Ex: https://www.youtube.com/watch?v=ppz4a2xRenw

Hawk pretty much touched upon two of my biggest struggles. 

Time zones: I have lost count of the amount of flack we received from angry UK community members, who want to participate but can't because the event is held in more US and Australia/New Zealand friendly times. 

Seeding Questions: 

I've also not had much success with fielding questions in advance in our forum. I've found using the Q&A feature within Google Hangouts works better along with having some seeded questions we come up with beforehand in our back pocket to get started. 

The thing that has worked much better is creating a recap, and posting that in our forum for further discussion. 

Curious to hear everyone's thoughts? 


(Sarah Hawk) #5

 I might give it a try, although it feels a bit expensive for one session per month. Which plan do you have? You said that you'd sometimes have up to 250 members, but the Max plan includes only 100 chatters.

We currently use the max plan for 100 chatters, which has been fine at UXM. The larger groups were at SitePoint, where we have a larger audience, and those sessions were on our custom platform, which was unlimited. The good thing about Campfire is that you can start with a low plan and if you hit the max allowed, it prompts you to upgrade on the spot. We had to do that during our first session, which turned out to be more popular than we had planned for – always a nice position to be in!

This is interesting.

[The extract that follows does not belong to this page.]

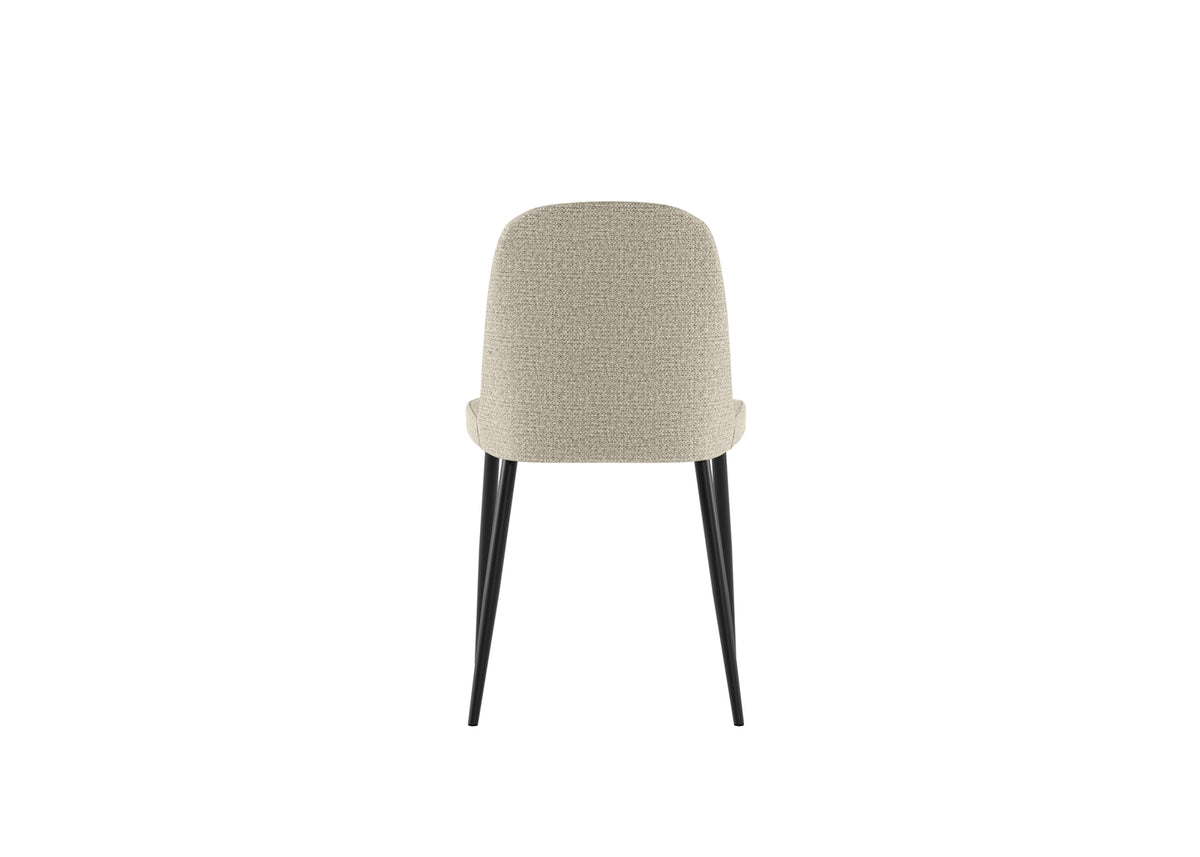 Dining Chair Tamara Fabric Beige Domestica – Back View on White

Do you do it simultaneously? So, they basically do not participate in the discussion, but reply to the question you choose for them?

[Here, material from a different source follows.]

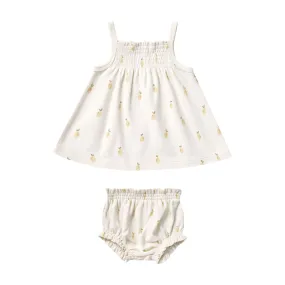 Quincy Mae Smocked Tank   Bloomer Set - Lemons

Yes, simultaneously, but only so they have a list of questions to refer to easily. They still take part in the organic chat, but the queued questions means that they have an ordered list to refer to without having to scroll back up and sift through looking for unanswered questions. In our custom platform there was the ability to 'star' lines of chat, making the questions easy to see at a glance. Campfire doesn't do that.

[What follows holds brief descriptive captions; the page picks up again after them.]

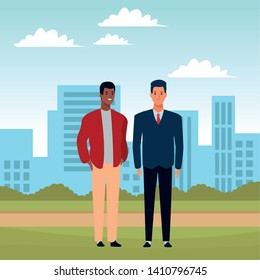 two men avatar cartoon character afroamerican and businessman in the grass with cityscape vector illustration graphic design
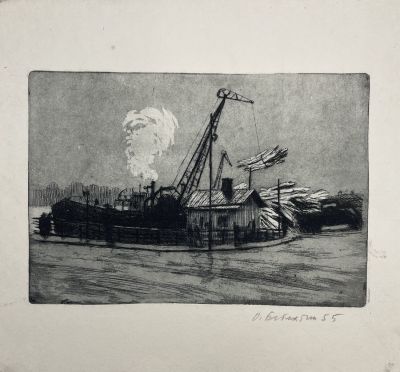 Бетехтин Орест Георгиевич (1928-2020) - На Малой Неве. 1955 г. Бумага, офорт, 14 х 20 см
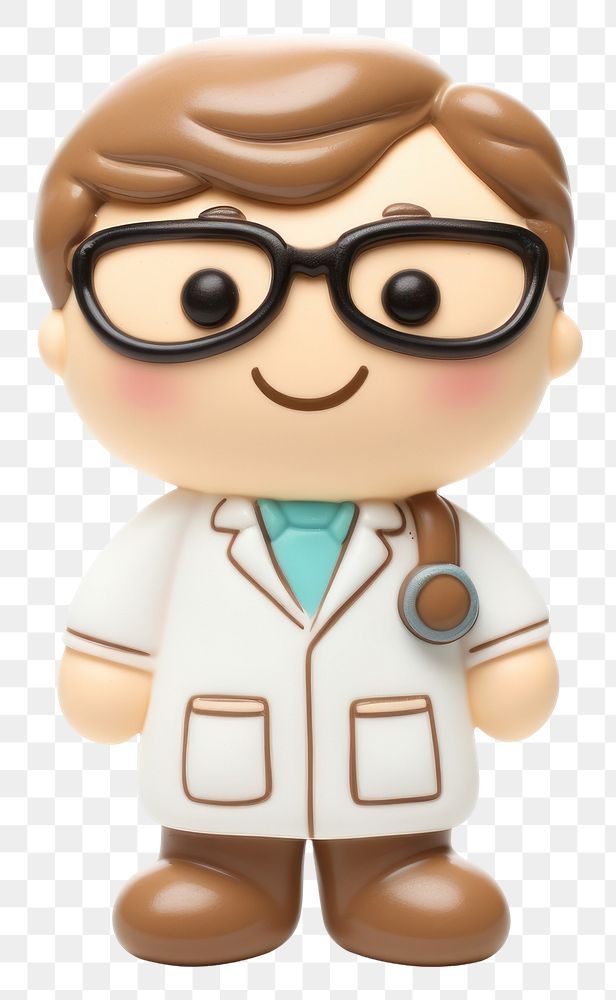 PNG Cute doctor cookie figurine glasses toy.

The thing that has worked much better is creating a recap, and posting that in our forum for further discussion. 

I love this idea, but I haven't had any success with it to date. We don't even get comments on the blog post of the transcript, although the traffic is good so people are reading them.


(Sarah Hawk) #6

If anyone is interested in seeing one of these sessions in action, I am running one this week about Designing Successful Projects. More info on the time etc here. It's free and everyone is welcome, even if you just check it out for 5 minutes to see how they function.


(Nick Donoghue) #7

I've not doing many of these types of Q&A or clinic sessions - keen to pick up on something mentioned:

How did you find using text chat for Q&A - I've had some experts prefer to use webinar/phones to save time lag on typing long answers to complex questions. Keen to see if you've all come across this and how you've got round it.

 

Cheers

Nick


(Sarah Hawk) #8

I choose to use text chat because it is much easier to get experts to take part, especially across time zones. People are happy to fit in an hour between other activities, without have to worry about how they look. Some people do them from bed! The other thing is that the technology is easier to wrangle.

I get around the time lag by having more than one expert, or by queueing questions for the experts in a back channel so that they don't have to concentrate on the chat. I encourage them to respond in several small bites, rather than a huge chunk of text. I also make sure that I encourage participants to help each other out so that an organic chat forms around the specific questions/answers.


(Nick Donoghue) #9

Thanks Hawk, that's very useful. Some of the experts I've been talking to of late are Government Agencies - hence a bit nervous about posting text answers in chunks (must be read multiple times before being posted into the community domain). Like the bite sized & multiple approach though, will try that.